A join combines the output from two data sources, such as tables or views, and returns one data source. A join is characterized by multiple tables in the WHERE (non-ANSI) or FROM ... JOIN (ANSI) clause of a SQL statement. Whenever multiple tables exist in the FROM clause, OceanBase Database performs a join.
A join condition defines the relationship between the tables. If the statement does not specify a join condition, then the database performs a Cartesian join, matching every row in one table with every row in the other table.
Join trees
Typically, a join tree is represented as an upside-down tree structure. As shown in the following diagram, T1 is the left table, also known as the driving table, which is usually a dimension table. T2 is the right table, which is usually a fact table. The optimizer generally processes the join from left to right.

The input of a join can be the result from a previous join. If the left data source of each node is the result of another join, and the right data source of each node is a table, then the tree is a left deep join tree, as shown in the following example. Most join trees are left deep joins.

If the right data source of each node is the result of another join, and the left data source of each node is a table, then the tree is a right deep join tree, as shown in the following diagram.

If any node is in a different form from other nodes, then the tree is a bushy join tree, as shown in the following diagram.

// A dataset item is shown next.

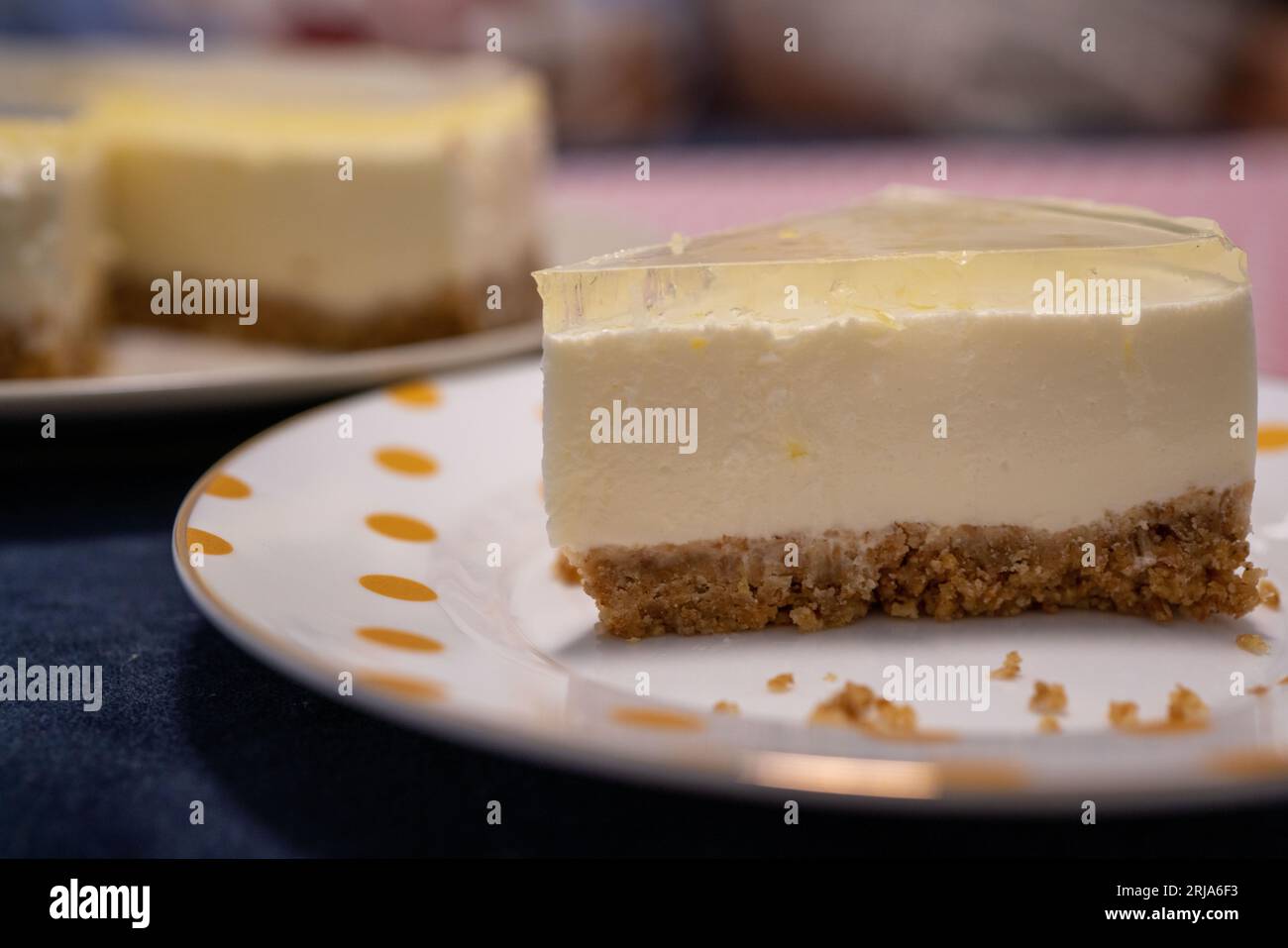 Mousse cake a fette, sapore di limone. Foto Stock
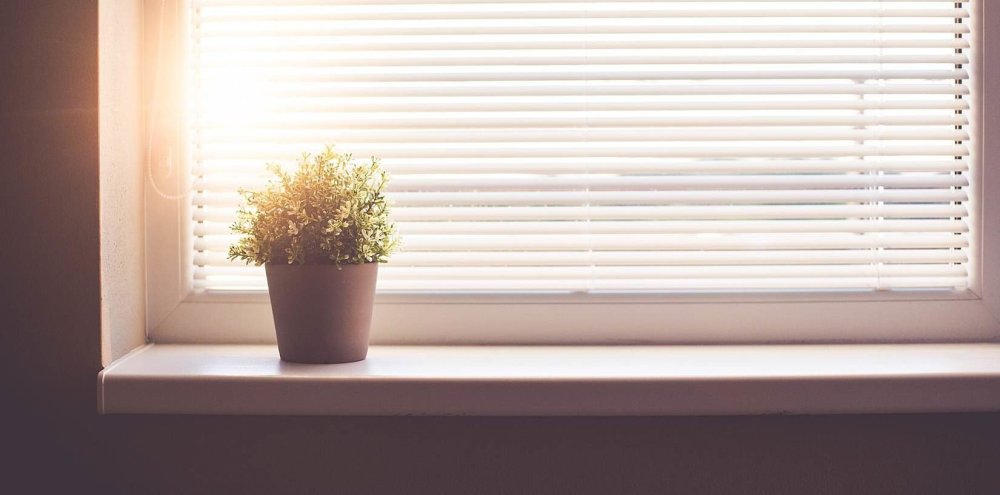 Пустой подоконник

How the optimizer optimizes joins
When multiple tables exist in the FROM clause, the optimizer must determine which join operation is most efficient for each pair. The optimizer must make the decisions shown in the following table.
| Operation | Description |
|---|---|
| Base table path | For each base table, the optimizer must select the best scan mode. For example, the optimizer might choose between a primary table scan or an index scan. |
| Join methods | To join two data sources, the optimizer must decide which join method to use. The available methods are nested loop join, merge join, and hash join. Each join method has specific situations in which it is more suitable than the others. The optimizer must select the optimal one based on statistics. |
| Join types | The optimizer supports the following join types: inner join, left join, right join, full join, left semi join, right semi join, left anti join, right anti join, and connect by join. Joins of the last five types are generated after basic joins are rewritten by the optimizer, and cannot be specified in SQL syntax. |
| Join order | To execute a statement that joins more than two tables, the optimizer needs to decide the optimal join order. For example, for FROM T1, T2, T3, the possible join orders are T1 JOIN T2 JOIN T3, T1 JOIN T3 JOIN T2, and so on. The optimizer needs to select the join order with the best execution performance. |
How the optimizer chooses execution plans for joins
When determining the join order and method, the goal of the optimizer is to reduce the number of rows as early as possible so it performs less work throughout the execution of the SQL statement. The optimizer generates a set of execution plans, according to possible join orders, join methods, and available access paths. The optimizer then estimates the cost of each plan and chooses the one with the lowest cost.
The optimizer estimates the cost of a query plan by calculating the I/O, network, and CPU overheads. Different data distribution methods have different network overheads. Different functions and expressions also have different CPU overheads. The optimizer uses these metrics to determine the total cost of a query plan. These metrics can be affected by many initialization parameters and session settings, such as PARALLEL, ENABLE_ROWSETS, and system statistics, during compilation.
For example, the optimizer estimates the cost in the following ways:
- The cost of a nested loop join depends on the cost of reading each selected row of the outer table and each of its matching rows of the inner table into memory. The optimizer estimates the cost using statistics on the inner table.
- The cost of a merge join largely depends on the cost of reading all the sources into memory and sorting them.
- The cost of a hash join largely depends on the cost of building a hash table on one input side to the join and using the rows from the other side of the join to probe it.